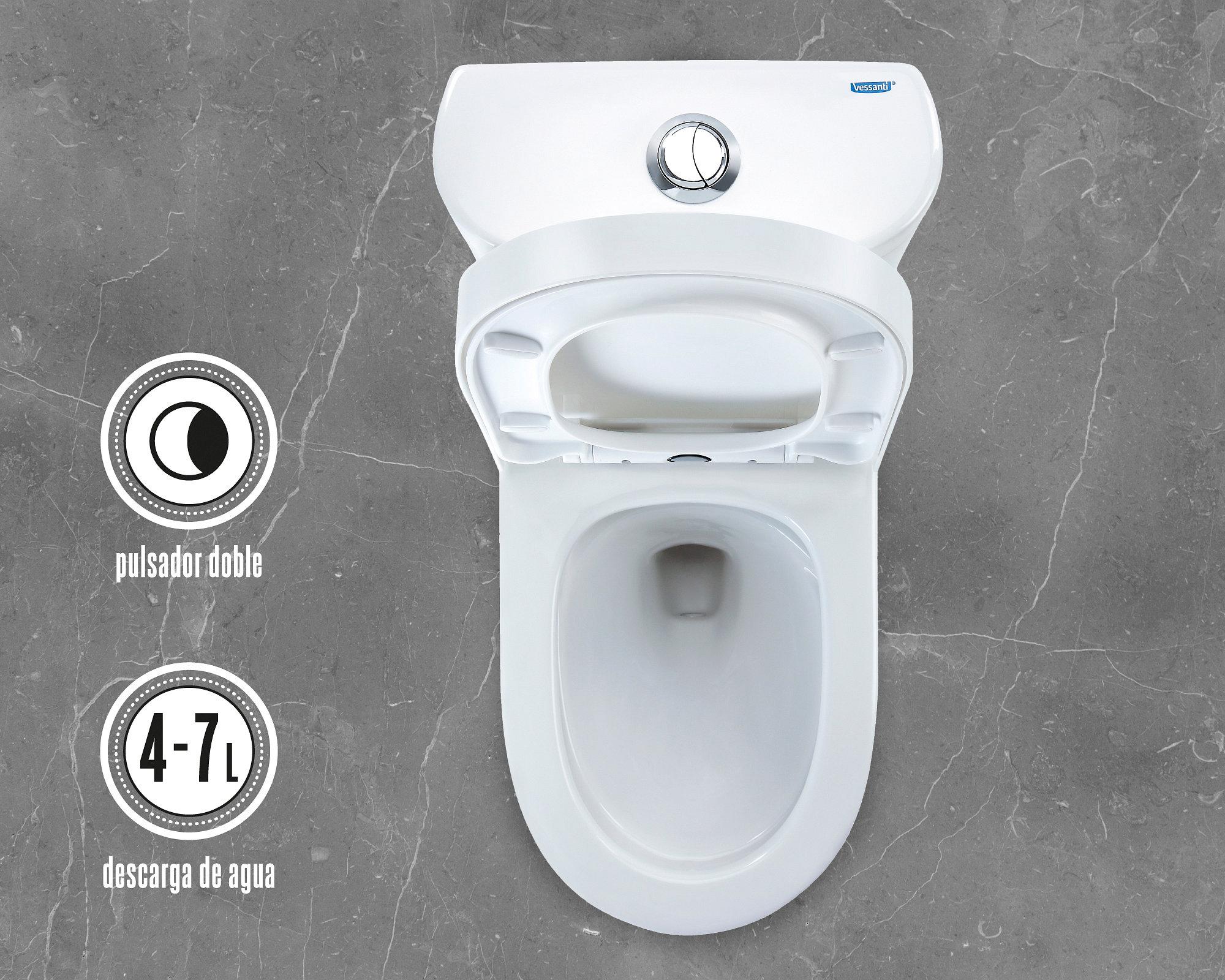 One piece 30 cm Dual flush Atenas Vessanti-5
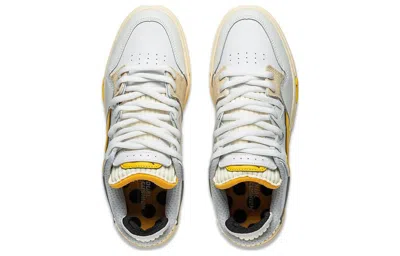 Li-ning Wave Pro 'white Yellow' In Gray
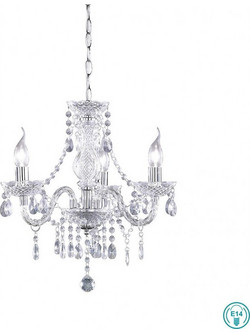 Trio Lighting Luster Πολυέλαιος 3xE14 με Κεράκια Διάφανος R11073000Κωδικός: 20754600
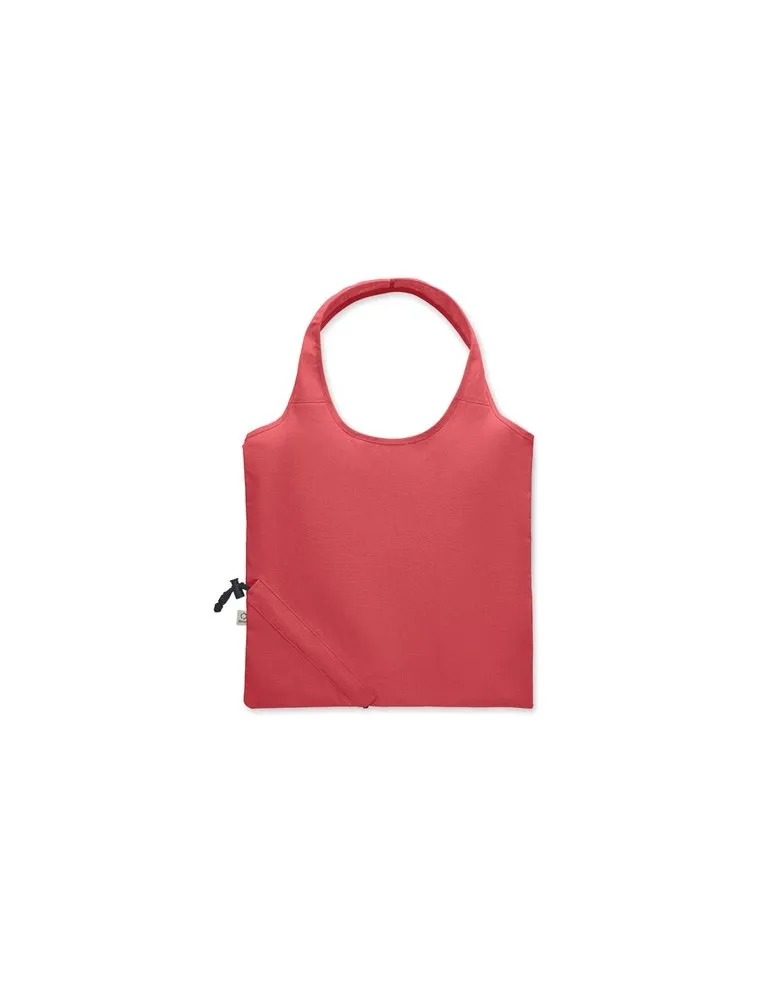 Shopping pliable publicitaire 140 gr/m² CARRIE COLOUR Matières : coton biologique Couleurs : bleu royal goodies personnalisé en 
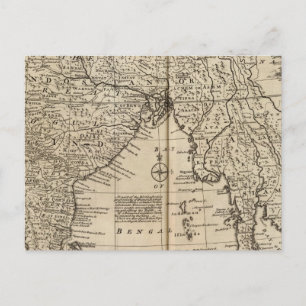 Carte Postale Empire Mogul, Inde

════════

Work task:
Output the full listing verbatim; pictures stay out.

Your solution:
 One piece 30 cm Dual flush Atenas Vessanti-5
 Li-ning Wave Pro 'white Yellow' In Gray
 Trio Lighting Luster Πολυέλαιος 3xE14 με Κεράκια Διάφανος R11073000Κωδικός: 20754600
 Shopping pliable publicitaire 140 gr/m² CARRIE COLOUR Matières : coton biologique Couleurs : bleu royal goodies personnalisé en 
 Carte Postale Empire Mogul, Inde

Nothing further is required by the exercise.